La gauche peut-elle encore gouverner ?
La gauche est divisée depuis longtemps. Dans l’Histoire, elle a gagné à plusieurs reprises, mais il s’agit souvent d’alliances entre la carpe et le lapin, qui se sont fracassées sur les réalités du gouvernement. En 1936, le Front populaire s’est constitué avec un ennemi commun, le fascisme. Il a rassemblé les radicaux, les socialistes et les communistes, mais il a fini par craquer sur la question de la gestion gouvernementale. En 1972, le programme commun a préparé la victoire de Mitterrand en 1981. Deux ans plus tard, en 1983, les socialistes ont renoncé à une grande partie de leur programme. En effet, prendre le pouvoir implique de choisir des politiques, donc de clarifier et de diviser. À gauche, c’est toujours très difficile de réunir des tendances qui sont parfois contradictoires… Sans parler des questions d’ego ! À droite, c’est plus facile, car il y a une culture du chef et de l’autorité.
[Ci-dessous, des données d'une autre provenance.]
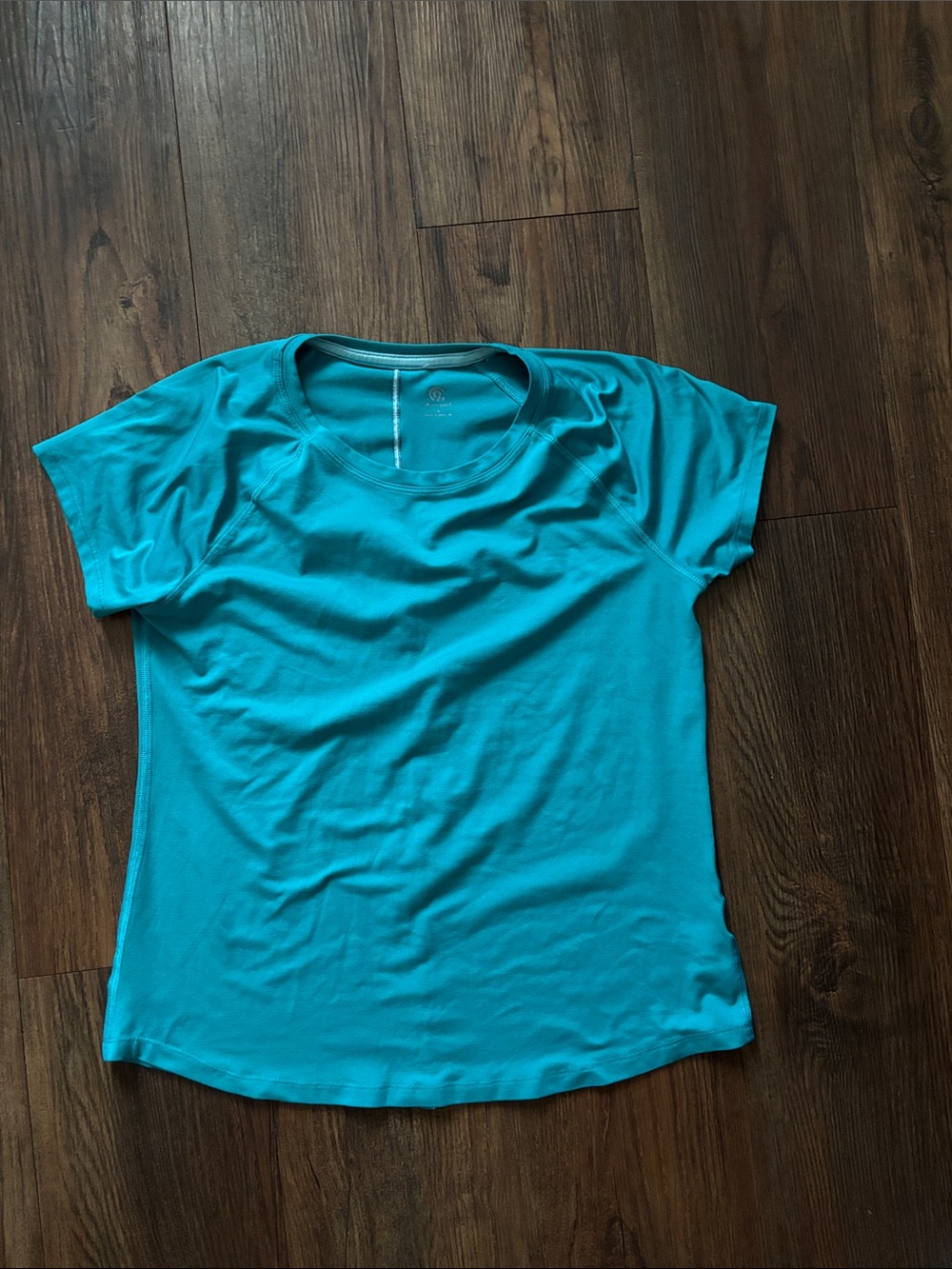Champion Women's Short Sleeve Tee in Teal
La gauche, c’est la question sociale. Cette dernière revient de manière récurrente, non ?
La question sociale fait partie du fondement même de la gauche qui se veut une émancipation sociale et individuelle. Ses penseurs ont réfléchi sur comment trouver des modèles différents à celui de l’exploitation de l’homme par l’homme. Par exemple, avec les coopératives, l’autogestion, les nationalisations d’entreprises… La question de l’économie, de la production est au cœur de la réflexion de gauche depuis des siècles. Cela a permis de réelles avancées, comme l’instauration de l’État providence, le salaire minimum, la protection sociale. On le voit avec l’actuelle pandémie. Les États ont dû prendre une série de mesures pour éviter que l’économie ne s’effondre comme dans les années 1930. On a injecté « un pognon de dingue » pour faire tourner l’économie.
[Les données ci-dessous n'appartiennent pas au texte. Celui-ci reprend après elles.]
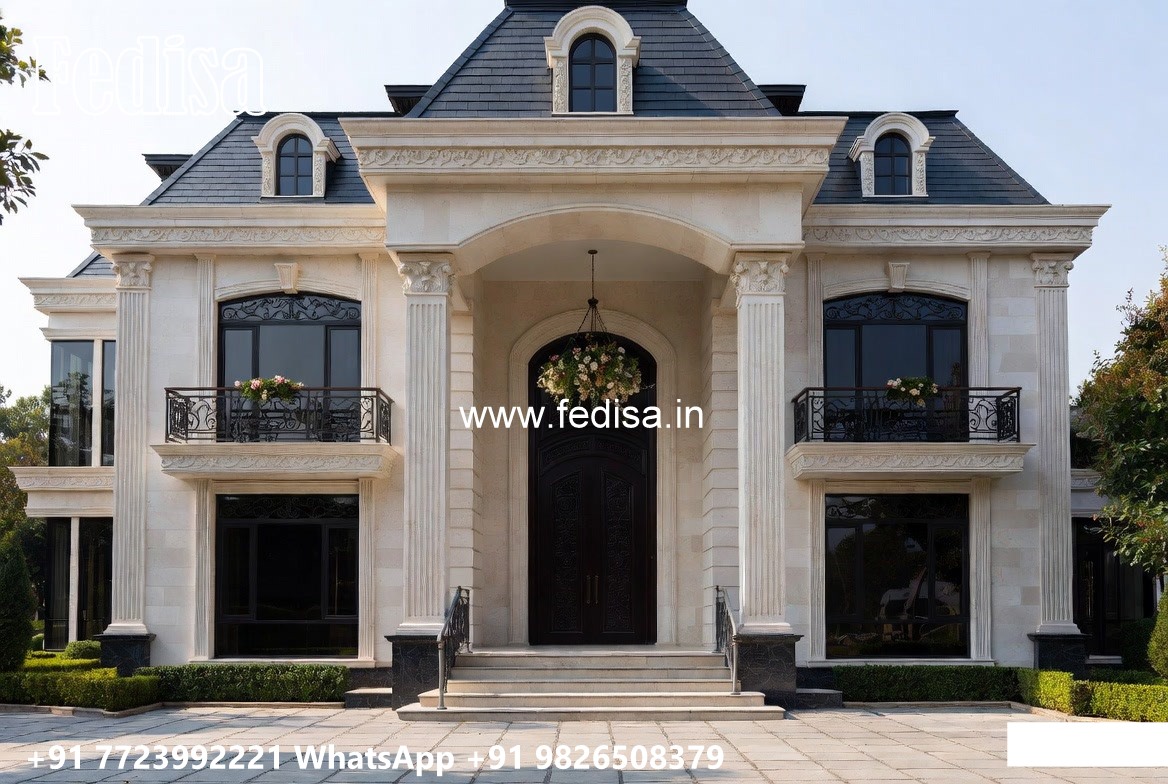 Classic Villa Design with Artistic Interior Decor No-8891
La crise des Gilets jaunes avait marqué un retour de cette question sociale ?
En effet, la crise des Gilets jaunes était d’abord sociale. C’est une révolte contre l’indignité de travailler et ne plus pouvoir vivre de son salaire. C’est la détresse des travailleurs pauvres qui l’a alimentée. Autrefois, les syndicats et les partis de gauche auraient porté cette colère. Or, on voit que la gauche n’a pas su capter les Gilets jaunes, voire qu’elle en a été rejetée. C’est une rupture, sans doute parce que la gauche de gouvernement est perçue par une partie de l’opinion comme ayant trahi le peuple.
Depuis quand cette défiance s’est-elle accentuée ?
Le Parti socialiste a, en 1983, opéré un virage idéologique qui n’a jamais été clarifié. Le PS a continué à se dire socialiste alors qu’il ne l’était plus. Je pense que la victoire de François Hollande a été la goutte d’eau qui a fait déborder le vase. Il a représenté un dernier espoir, et il a beaucoup déçu. L’épisode des « sans-dents » a été ravageur, car il révélait une forme de cynisme et de condescendance vis-à-vis du peuple. Désormais, le mouvement social n’est pas relié à la gauche, voire même il s’en défie. Pour la gauche, le défi sera donc de redevenir légitime et de représenter le peuple.
Les classes populaires ont quitté la gauche ?
Il convient de remarquer qu’aujourd’hui, le premier parti ouvrier, ce n’est pas le Rassemblement national, mais l’abstention. Certains, comme Mélenchon, tentent de récupérer le vote ouvrier, de séduire les électeurs « fâchés, mais pas fachos ». Néanmoins, le discours souverainiste, que développent les Insoumis, légitime en fait le RN, sans faire revenir les électeurs. Il est vrai que le clivage gauche-droite est troublé, avec des souverainistes et des libéraux à droite comme à gauche. Nous vivons dans un monde qu’on ne connaissait pas avant les années 1990, dont les frontières politiques étaient plus nettes. Auparavant, on arrivait à tout classer, désormais, le paysage est éclaté de façon transversale ; d’où la nécessité pour la gauche de se reconstruire.
Après « À Bâbord toute ! », vous allez vous attaquer à la droite ?
Le scénario d’À Tribord toute ! est terminé. Marko travaille sur le dessin. On va garder le même esprit, ne serait-ce que parce que l’histoire de la droite répond en écho à celle de la gauche.